▶ Problem statement
Exact copies of the lines below are the goal; any images in them are dropped.

▶ Recorded information
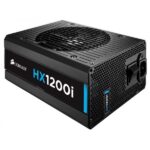 Corsair HX1200i 80 Plus Platinum SMPS - Image 3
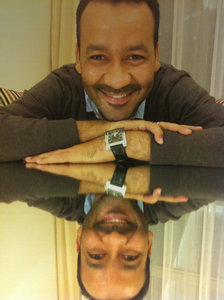 Mohamed Sidi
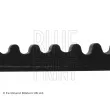 Courroie trapézoïdale BLUE PRINT AD13V1025 - Visuel 2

▶ Response area
 Corsair HX1200i 80 Plus Platinum SMPS - Image 3
 Mohamed Sidi
 Courroie trapézoïdale BLUE PRINT AD13V1025 - Visuel 2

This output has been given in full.